Concave and convex hull
You also have pointed out inaccuracy on the edges. Those are the result of the combination of the interpolant choice and the integration methodology. The integration methodology fails to properly compute the scalar field when it reach concave region with few interpolated points. The problem disappear when choosing a mesh-free interpolant able to extrapolate.
To illustrate it, let's remove some data from our MCVE:
q = np.full(dZdx.shape, False)
q[0:6,5:11] = True
q[-6:,-6:] = True
dZdx[q] = np.nan
dZdy[q] = np.nan
Then the interpolant can be constructed as follow:
q2 = ~np.isnan(dZdx.ravel())
r = np.stack([X.ravel(), Y.ravel()]).T[q2,:]
Sx = interpolate.CloughTocher2DInterpolator(r, dZdx.ravel()[q2])
Sy = interpolate.CloughTocher2DInterpolator(r, dZdy.ravel()[q2])
Performing the integration we see that in addition of classical edge effect we do have less accurate value in concave regions (swingy dot-dash lines where the hull is concave) and we have no data outside the convex hull as Clough Tocher is a mesh-based interpolant:
Vl = np.arange(0, 11, 1)
axe = plt.contour(X, Y, np.hypot(dZdx, dZdy), Vl, cmap='jet')
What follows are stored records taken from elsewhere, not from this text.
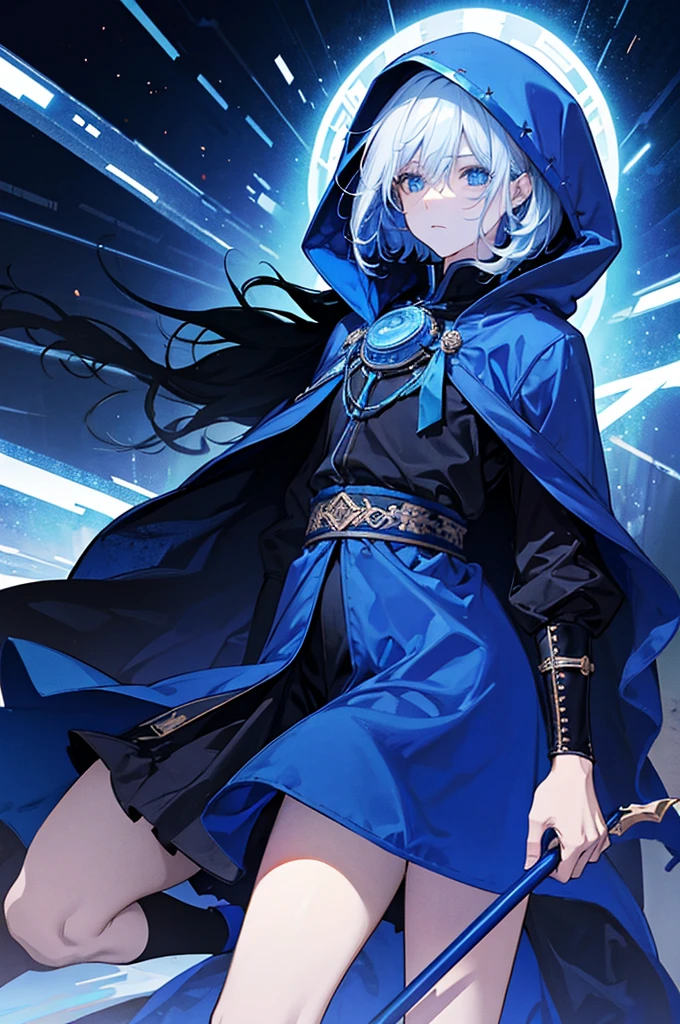Sorcerer Divine Soul, he has a light hair and blue eyes, he wear a hood.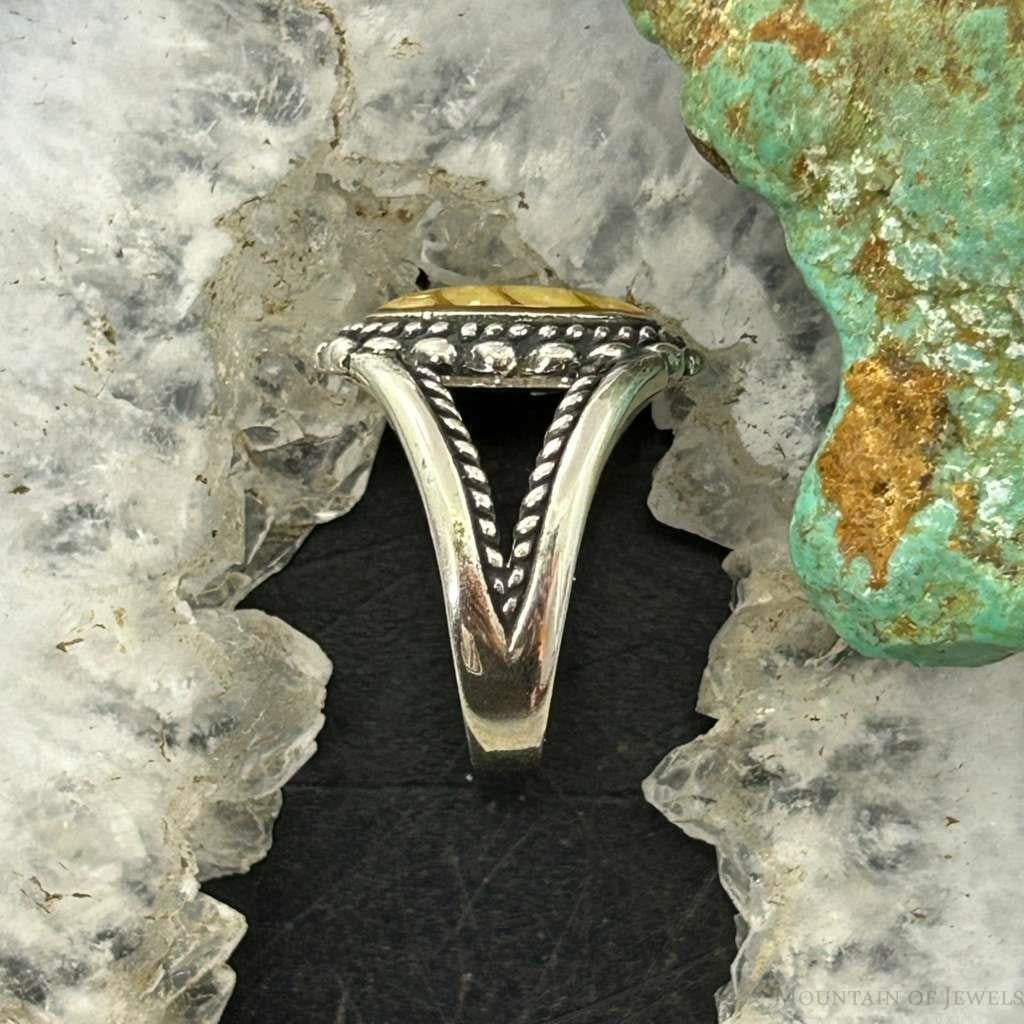 Carolyn Pollack Sterling Silver Oval Chip Inlay Citrine Decorated Ring For Women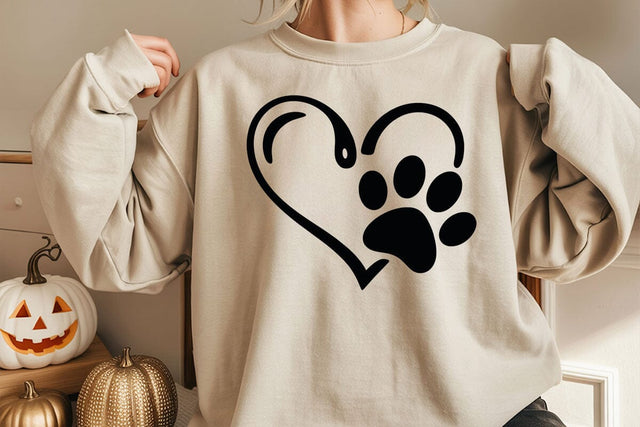 dog paw heart svg, dog paw heart png, heart and dog paw png SVG DesignDestine 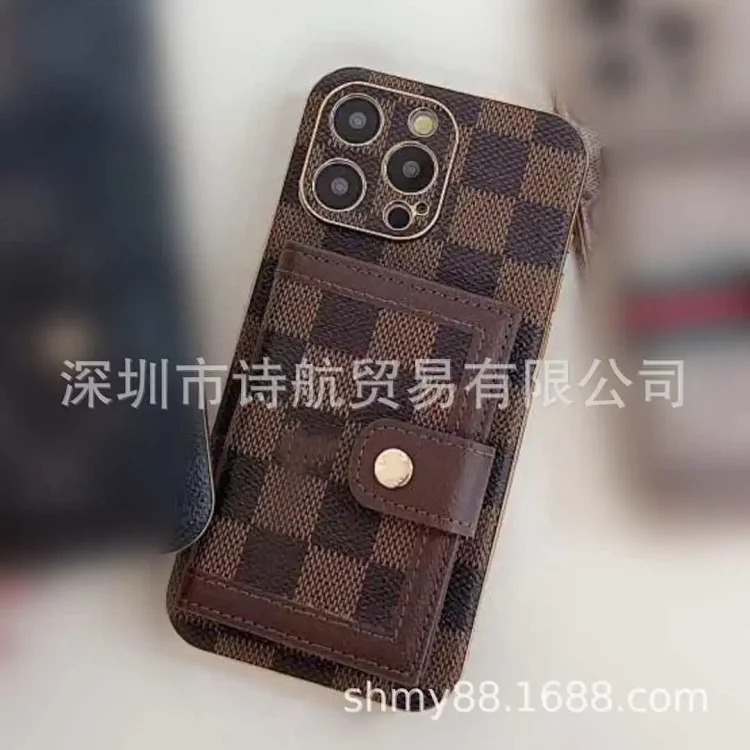 iphone17ROMAX mobile phone case multi-function plug-in card Apple 16pro protective cover leather light luxury anti-fall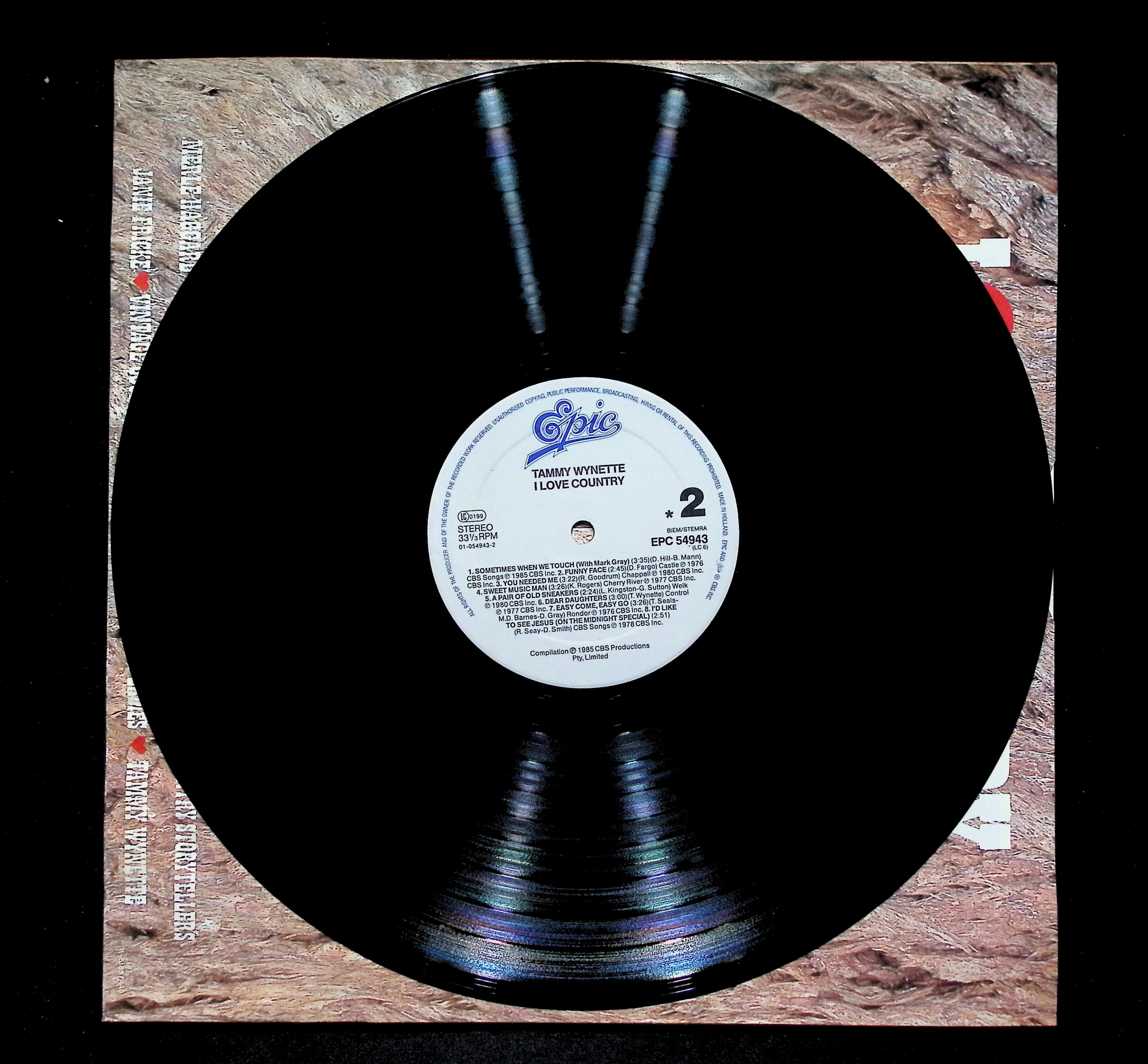 Tammy Wynette I ❤ Country LP 1985 Epic Country Compilation — image 4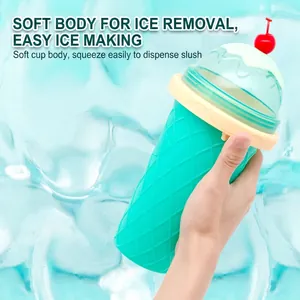 Silicone slushy squeeze maker cup with mint green texture and cherry lid for summer ice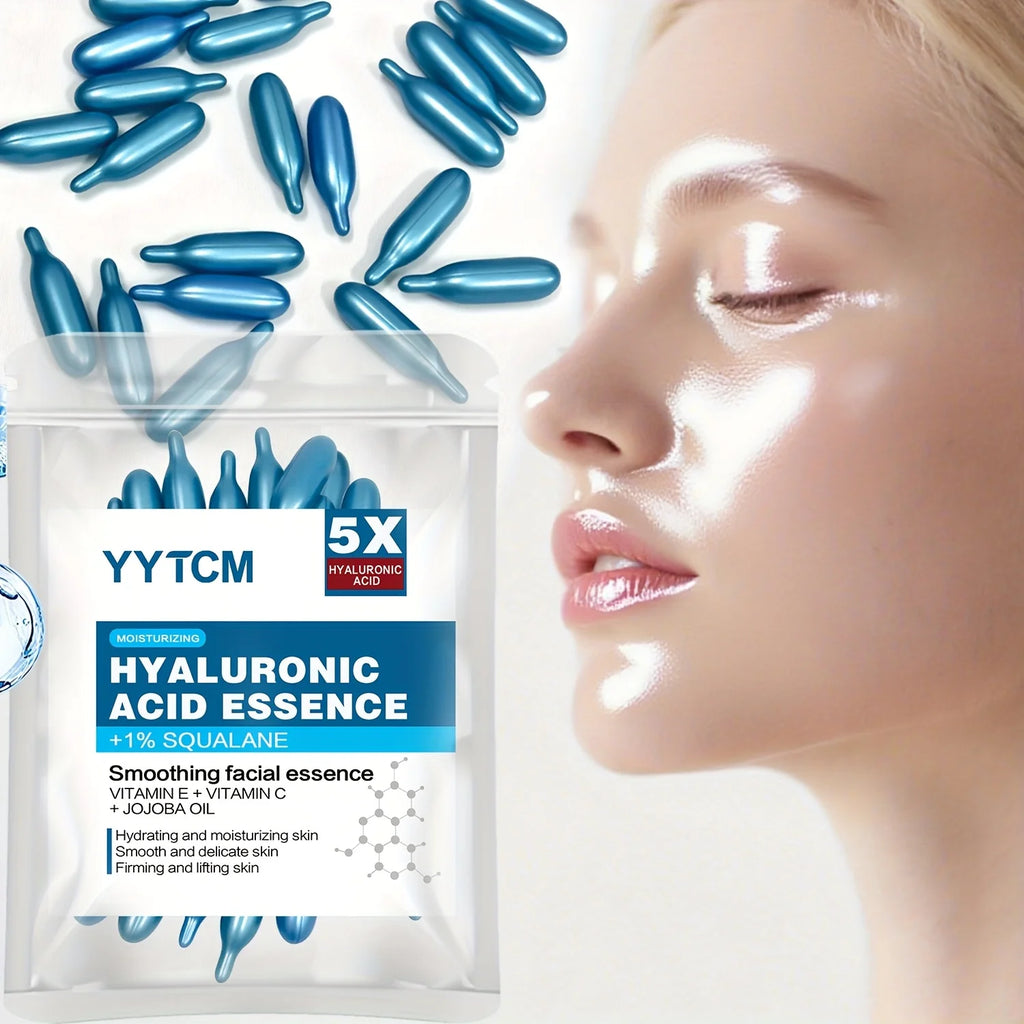 Essência Facial em Cápsulas com Ácido Hialurônico – Hidratação Profunda e Luminosidade, Dose Única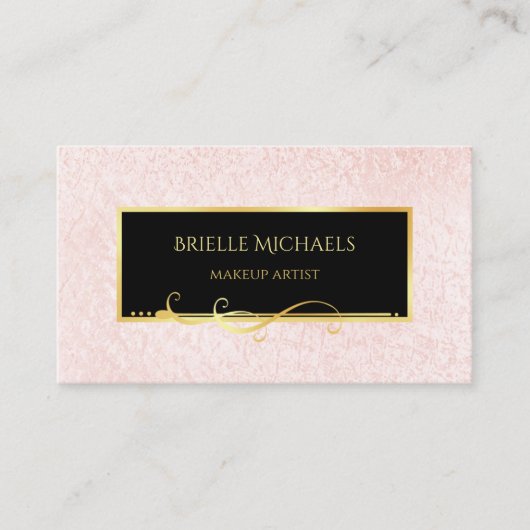 Eleganter Minimal Rosa und Black Makeup Artist Visitenkarte (Vorderseite)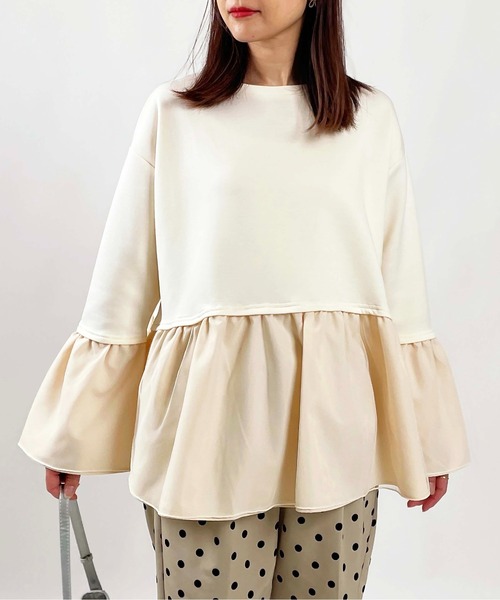 「PICCIN」 長袖カットソー L チャコールグレー レディース_画像3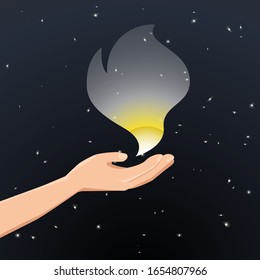 spirit. magic flame in the hand against the background of the starry sky. soul life, rebirth. vector illustration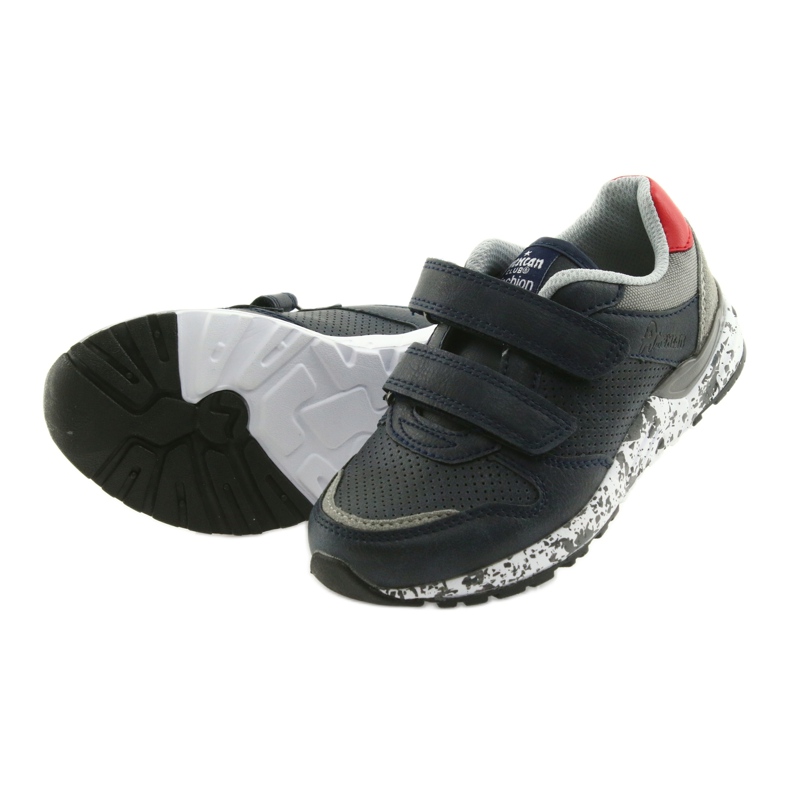 American Club Sportschuhe, Ledereinsatz BS11 05 grau rot marineblau 5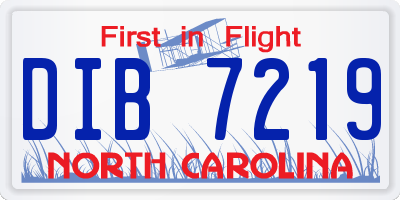 NC license plate DIB7219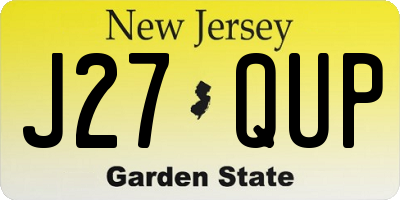 NJ license plate J27QUP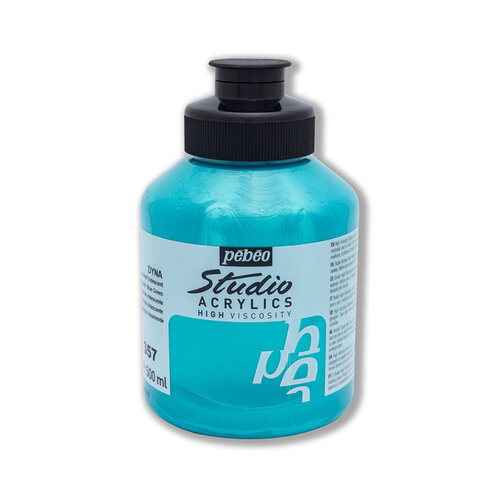Pebeo Studio Akrilik Boya 357 İridescent Blue Green 500ml - 357 İridescent Blue Green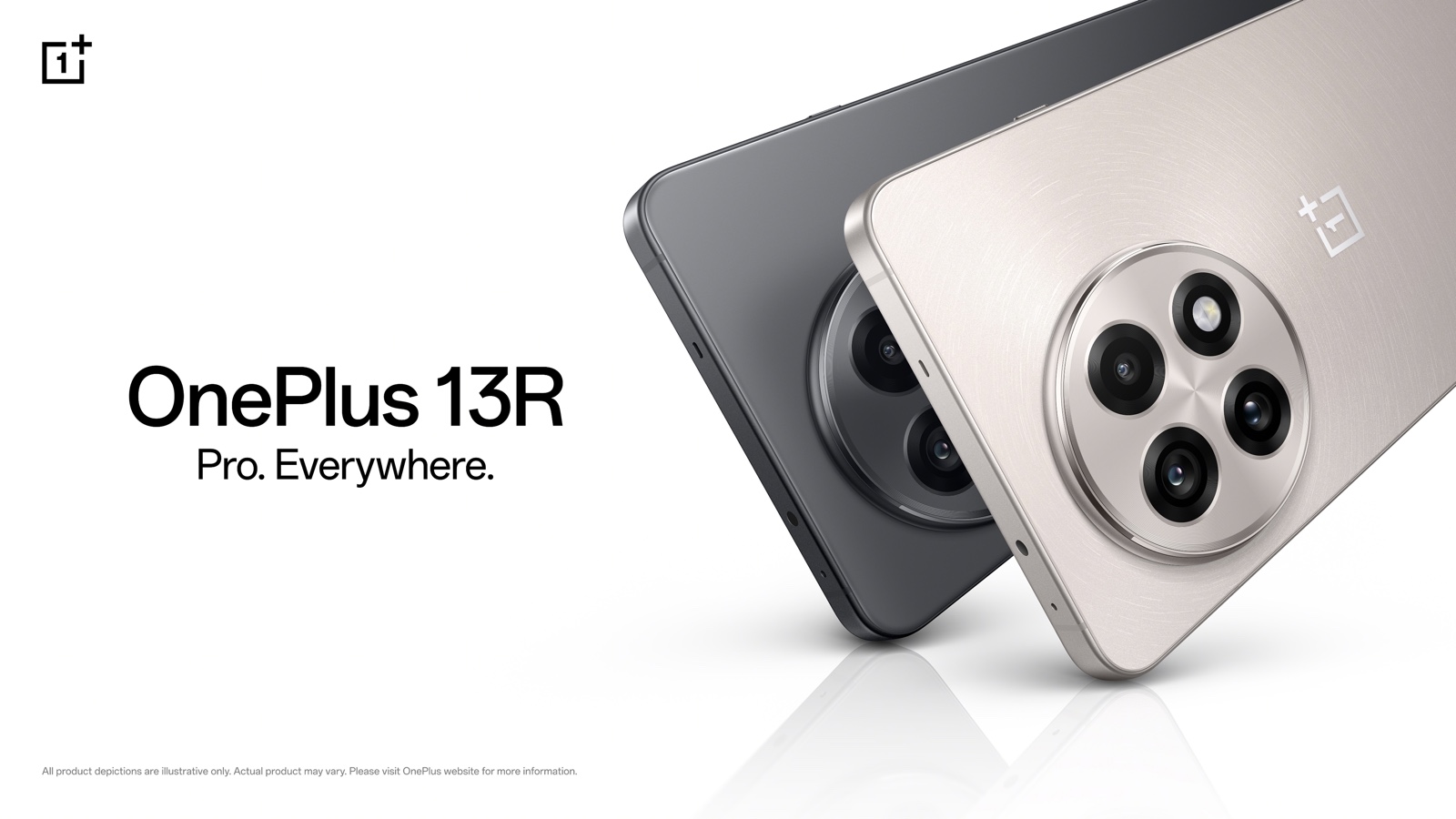 OnePlus 13R hero key visual with complete campaign typography and product imagery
axe.axes.contour(Xi, Yi, np.hypot(dZdxi, dZdyi), Vl, cmap='jet', linestyles='-.')
axe.axes.set_aspect('equal')
axe.axes.grid()
So basically the error we are seeing on the corner are most likely due to integration issue combined with interpolation limited to the convex hull.
To overcome this we can choose a different interpolant such as RBF (Radial Basis Function Kernel) which is able to create data outside the convex hull:
Sx = interpolate.Rbf(r[:,0], r[:,1], dZdx.ravel()[q2], function='thin_plate')
Sy = interpolate.Rbf(r[:,0], r[:,1], dZdy.ravel()[q2], function='thin_plate')
dZdxi = Sx(ri[:,0], ri[:,1]).reshape(Xi.shape)
dZdyi = Sy(ri[:,0], ri[:,1]).reshape(Xi.shape)
Notice the slightly different interface of this interpolator (mind how parmaters are passed).
The result is the following:
We can see the region outside the convex hull can be extrapolated (RBF are mesh free). So choosing the adhoc interpolant is definitely a key point to solve your problem. But we still need to be aware that extrapolation may perform well but is somehow meaningless and dangerous.
Solving your problem
The answer provided by #Aguy is perfectly fine as it setups a clever way to integrate that is not disturbed by missing points outside the convex hull. But as you mentioned there is inaccuracy in concave region inside the convex hull.
If you wish to remove the edge effect you detected, you will have to resort to an interpolant able to extrapolate as well, or find another way to integrate.
Interpolant change
Using RBF interpolant seems to solve your problem. Here is the complete code:
df = pd.read_excel('./Trial-Wireup 2.xlsx')
x = df['X'].to_numpy()
y = df['Y'].to_numpy()
z = df['Delay'].to_numpy()
r = np.stack([x, y]).T
#S = interpolate.CloughTocher2DInterpolator(r, z)
#S = interpolate.LinearNDInterpolator(r, z)
S = interpolate.Rbf(x, y, z, epsilon=0.1, function='thin_plate')
N = 200
xl = np.linspace(x.min(), x.max(), N)
yl = np.linspace(y.min(), y.max(), N)
X, Y = np.meshgrid(xl, yl)
#Zp = S(np.stack([X.ravel(), Y.ravel()]).T)
Zp = S(X.ravel(), Y.ravel())
Z = Zp.reshape(X.shape)
dZdy, dZdx = np.gradient(Z, yl, xl, edge_order=1)
SdZx = np.nancumsum(dZdx, axis=1)*np.diff(xl)[0]
SdZy = np.nancumsum(dZdy, axis=0)*np.diff(yl)[0]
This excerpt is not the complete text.